I was reminded this morning - as if anyone could ever forget - by a newsman that October 11 would mark the one-month anniversary of the terrorist attack on America. Memorial services will be held in New York and Washington for the victims.

As we Liberians join Americans in their prayer, sharing their grief and anger, we must remember our own trauma.

We too have an anniversary to remember. It was 9 years ago, on October 12, 1992, that master terrorists drugged children, some as young as 10 and 12, who had been abducted and trained over night to shoot AK-47 and launch them on the sleeping and peaceful people of Monrovia.

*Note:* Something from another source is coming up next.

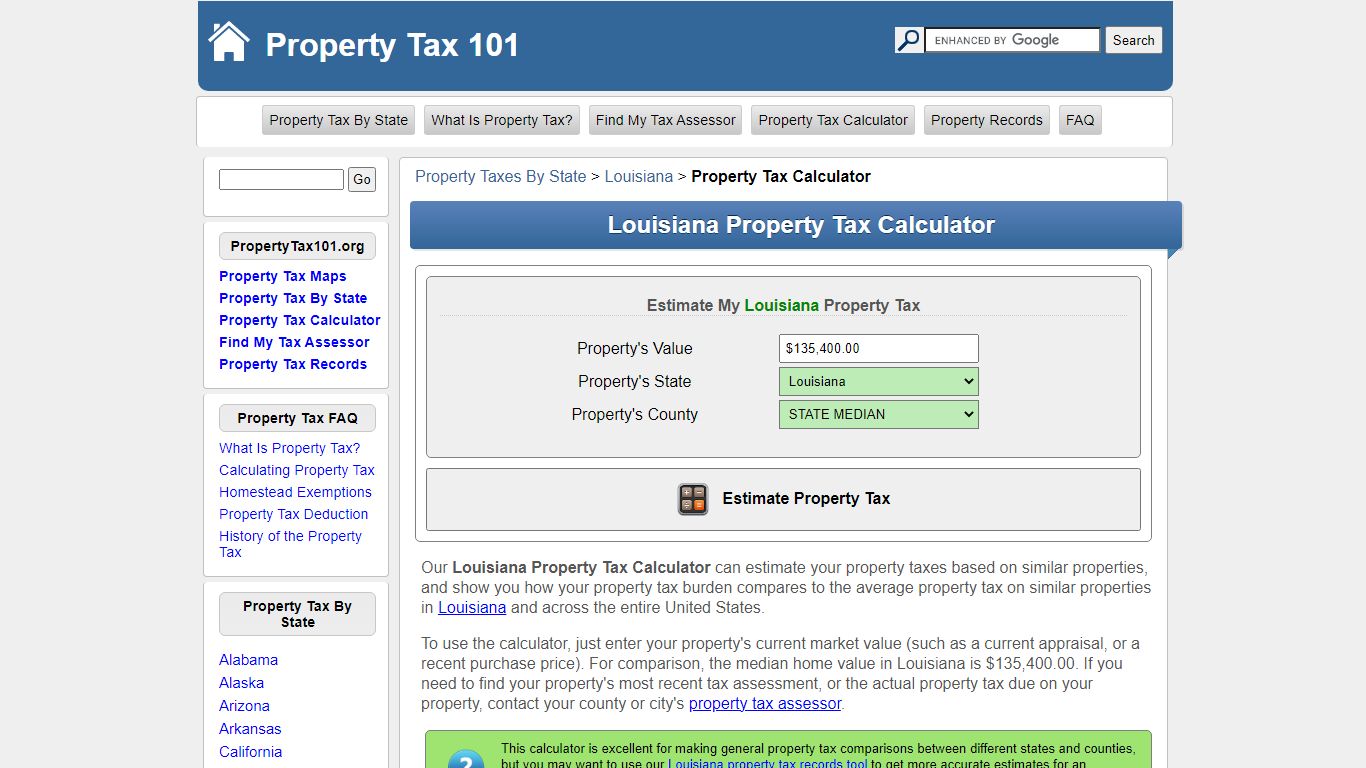 Louisiana Property Tax Calculator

It was October 12, 1992, that children, thousands of them, were sent by waves into Monrovia. They were told that Monrovia had fallen, that they could walk in and take everything they could find. They shot people at random in Gardnersville and Barnersville. They threw grenades in houses while people were asleep. They started to move people from their homes and sending them "behind the lines." Professor Cooper, from the University of Liberia was among them.

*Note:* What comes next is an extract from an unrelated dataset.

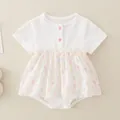 Short sleeve baby girl cotton romper with pink buttons and colorful balloon pattern - 80 / Dresses / Off White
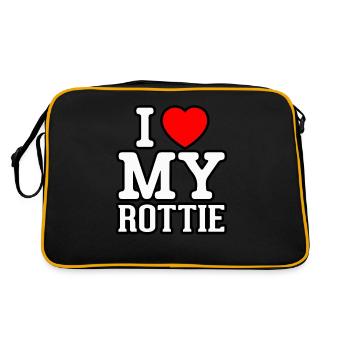 J’adore mon Rottie - Sac Retro - noir/or - Dos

This anniversary reminds us also of the deception the Master of Terror is capable of. A couple months earlier, the IGNU had been informed that the NPFL was sending "sleepers" into Monrovia, especially around the Prince Johnson base. When former US President Carter came to Monrovia, Dr. Sawyer told him that there were indications that Mr. Taylor and Prince Johnson were preparing to launch an attack on the city. Mr. Carter went to Gbarnga. He was met like a king. The NPFL leader had tens of his Small Boy Units around them. For the occasion, they were dressed, cleaned and paraded during an old-fashioned Southern Baptist ceremony. Mr. Carter was told that these were all orphans rescued from villages. Of course, Mr. Carter bought the lie. When he returned to Monrovia, he said that IGNU was getting paranoid for no reason. He said Mr. Taylor was ready for peace. He sent a handwritten letter to all the heads of state of ECOWAS, saying that Mr. Taylor was ready for disarmament and prepared for elections, according to the Yamoussoukro Accords. Mr. Carter went on to ask ECOWAS in the same letter that in the spirit of peace and confidence building, ECOMOG should remove its heavy weaponry from Liberia. The former US president flew to Abidjan where he spoke to Houphouet-Boigny and then to Lagos to meet with Ibrahima Babaginda. IGNU was not satisfied and called the ECOMOG Field Commander General Ishaya Bakut and told him about the possibilities of an imminent attack. He said IGNU should stop worrying and being paranoid, adding that "Taylor" would never be that crazy. He thought he knew what was going behind the lines.

Ten days after that, the NPFL attacked. The plan concocted with Prince Johnson backfired. Prince Johnson was mad at the Interim Government for printing a new currency, which made the millions of dollars he had looted from the banks totally obsolete. The only place he could spend them was in Greater Liberia. He felt betrayed by the IGNU and therefore entered a pact with Taylor. He promised to help him take over Monrovia. When Taylor troops arrived, Prince Johnson found out that he was supposed to be the first casualty. He discovered that many of his lieutenants were working for Taylor. He too had a plan of his own: get rid of Taylor as soon as they get rid of Sawyer. This is the same scenario that was played in April 1996, where Kromah stood in the shoes of Prince Johnson and Roosevelt Johnson was in the seat of Sawyer. Interesting as a footnote, the most trusted lieutenant of Prince Johnson was Varney who was working for Taylor and the guy Kromah trusted most was Paul Mulbah, Taylor's current Chief of Police...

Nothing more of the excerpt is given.